* [WORK REQUIRED]: Character for character, give back every line below.

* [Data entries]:
· · · · ·

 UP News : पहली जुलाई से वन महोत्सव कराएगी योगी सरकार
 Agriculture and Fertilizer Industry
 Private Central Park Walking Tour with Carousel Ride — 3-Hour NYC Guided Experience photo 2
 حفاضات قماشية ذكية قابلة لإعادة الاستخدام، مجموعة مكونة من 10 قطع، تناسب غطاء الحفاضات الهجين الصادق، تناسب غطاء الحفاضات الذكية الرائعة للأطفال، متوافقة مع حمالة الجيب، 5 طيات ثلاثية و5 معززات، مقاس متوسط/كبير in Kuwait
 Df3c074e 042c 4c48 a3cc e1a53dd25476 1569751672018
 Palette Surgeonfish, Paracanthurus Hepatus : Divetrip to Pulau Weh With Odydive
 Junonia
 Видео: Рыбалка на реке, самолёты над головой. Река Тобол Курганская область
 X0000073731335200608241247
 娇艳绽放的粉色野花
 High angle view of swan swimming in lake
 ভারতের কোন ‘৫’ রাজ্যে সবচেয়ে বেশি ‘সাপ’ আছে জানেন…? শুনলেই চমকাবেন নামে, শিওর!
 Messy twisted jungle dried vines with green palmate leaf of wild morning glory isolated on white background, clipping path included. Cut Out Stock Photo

· · · · ·

* [COMPLETED TASK]:
 UP News : पहली जुलाई से वन महोत्सव कराएगी योगी सरकार
 Agriculture and Fertilizer Industry
 Private Central Park Walking Tour with Carousel Ride — 3-Hour NYC Guided Experience photo 2
 حفاضات قماشية ذكية قابلة لإعادة الاستخدام، مجموعة مكونة من 10 قطع، تناسب غطاء الحفاضات الهجين الصادق، تناسب غطاء الحفاضات الذكية الرائعة للأطفال، متوافقة مع حمالة الجيب، 5 طيات ثلاثية و5 معززات، مقاس متوسط/كبير in Kuwait
 Df3c074e 042c 4c48 a3cc e1a53dd25476 1569751672018
 Palette Surgeonfish, Paracanthurus Hepatus : Divetrip to Pulau Weh With Odydive
 Junonia
 Видео: Рыбалка на реке, самолёты над головой. Река Тобол Курганская область
 X0000073731335200608241247
 娇艳绽放的粉色野花
 High angle view of swan swimming in lake
 ভারতের কোন ‘৫’ রাজ্যে সবচেয়ে বেশি ‘সাপ’ আছে জানেন…? শুনলেই চমকাবেন নামে, শিওর!
 Messy twisted jungle dried vines with green palmate leaf of wild morning glory isolated on white background, clipping path included. Cut Out Stock Photo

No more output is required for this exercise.